То, что Гранин явился непосредственной причиной гибели Морриса, не вызывало сомнений. Но Гранин – чемпион мира, и на его счету почти два десятка выигранных Гран-При. И по очкам, и по общим характеристикам он был лучшим водителем в мире, и кто же осмелится осуждать такого человека. Такое не принято в мире автоспорта. Поэтому все это трагическое происшествие определили как гоночный эквивалент божьего деяния и, скромно опустив занавес, дали понять, что все закончено.
Глава 4.
Темпераментные итальянцы не скрывали своих истинных чувств. Плотная толпа, что собралась в этот день на трассе Монца была крайне возбуждена и напряжена. Когда Гранин, опустив голову, скорее плелся, чем шел, вдоль трека, направляясь из зала, где велось следствие, к пункту обслуживания фирмы "Дрим-Моторс", выражение чувств толпы стало громогласным.

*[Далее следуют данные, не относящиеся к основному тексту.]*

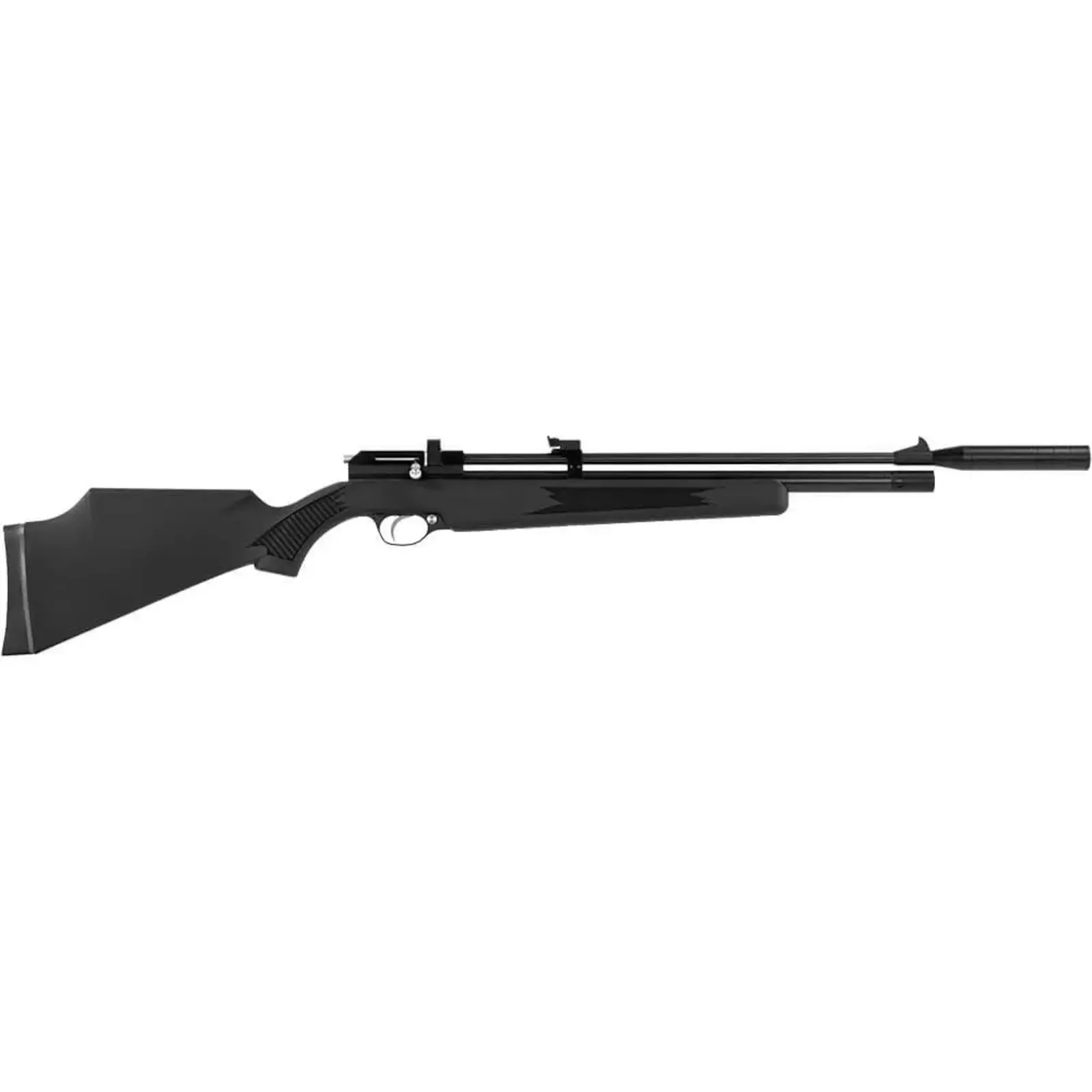 Snowpeak Airguns PR900S Gen2 PCP Rifle Snowpeak Airguns PR900S Gen2 PCP Rifle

Вопли, сопровождаемые энергичной жестикуляцией, свист и просто гневные выкрики были не просто страшными, но и угрожающими. Зрелище было отнюдь не из приятных. Казалось, не хватает только искры, чтобы разгоряченная толпа не учинила расправу над Граниным. Очевидно, именно этого и опасались полицейские, которые взяли его в кольцо и оттесняли наиболее ретивых, хотя по выражению их лиц было понятно, что и они разделяют чувства своих соотечественников.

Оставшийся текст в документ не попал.